Some questions & observations:

-Why does Cavil call the Centurions "Centaurians" (I swear this is what it sounds like to me every time!).

-So if Tyrol is a Cylon, then doesn't this mean that there are two half-Cylon, half-human babies? So Hera isn't special anymore? This just seems odd to me; I feel like when the writers decided to make Tyrol a Cylon, they forgot that he had a baby (until Tori mentioned it to Cally in the launch tube, anyway).

-And if Tori is a Cylon, then Hera ending up with the Cylons makes a lot more sense to me now (that is, if we believe that any of their Nebula-prior actions was the result of programming). If I remember correctly, didn't Laura entrust Hera's safety to Tori as well as the guards during the evacuation?

-How many Basestars are there? When Cavil began attacking, it sounded like they were in danger of true death, so does this mean that each model has their own ship? So there are only 7 ships? And if so, what happened to D'Anna's ship when her model was boxed?
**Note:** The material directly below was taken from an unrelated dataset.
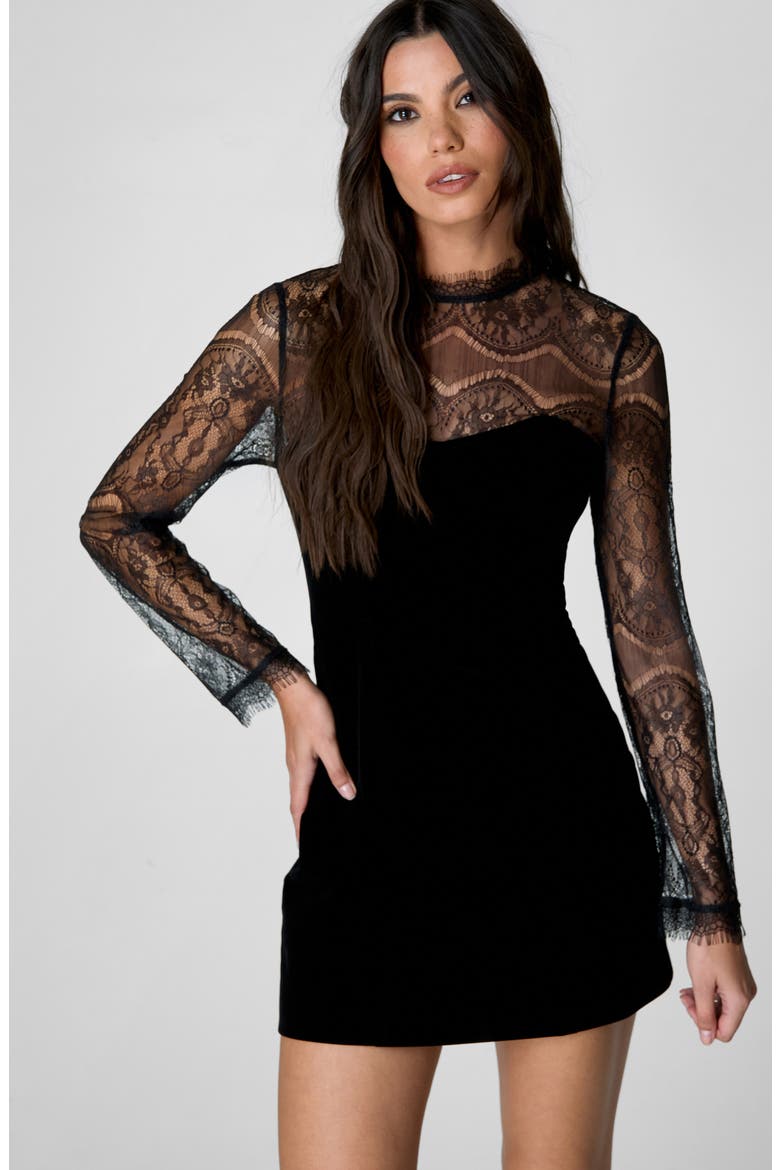 Long Sleeve Velvet & Lace Minidress, Alternate, color, BLACK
-Does the Six really not see the danger in elevating the Centurions? Cavil (and the camera's) implication is pretty clear that the Centurions will turn on ALL the skinjobs. Six is naive to think that they won't chafe within the established class system. A point of curiosity: Six has the blahblah-"inhibitors" removed from the Centurions, which implies that they were designed to think for themselves and have this inhibitor to prevent independent thought. The raiders, on the other hand, develop a free will and have to be lobotomized (UNLESS they ARE responding to programming in recognizing the new Cylon sleepers in the human fleet, just not a programming that Cavil or the other Cylons are privy to - which makes me wonder if whoever programmed these Cylons deliberately engineered this situation (in which the identity of the Final Five is a secret and speculation over the Final Five as well as their relations with humans generates rifts among them) as a way of pushing them to evolve or destroy themselves. The whole situation is curious!

-Tigh is seriously creeping me out with his Six/Ellen obsession. And Tyrol's response to Cally's death doesn't seem that off-base to me, so I think it's a bit rich of Tigh to tell Tyrol to pull it together when he was a drunken wreck for ages.

-It makes sense to me that Tori would be the first of them to commit murder to protect their secret - which is not to say that Tigh wouldn't have done the same thing, because honestly? I think he would have airlocked Cally, too. But it's easier for them to have Tori take this step since she's the less known of the four of them. We've gotten to know the others so much better and we're meant to care about them, yes, even Anders, a lot more than Tori who has always been merely a functionary, not a living character (certainly not the way Billy was fleshed out).

-Baltar preaching about individual perfection is WAY creepy - the forgiveness part, I can understand a lot more. Perfection? Not so much.

Gah! I'm sure I had other points and thoughts, but this is already longer than I'd planned to write, so I'll leave it for now.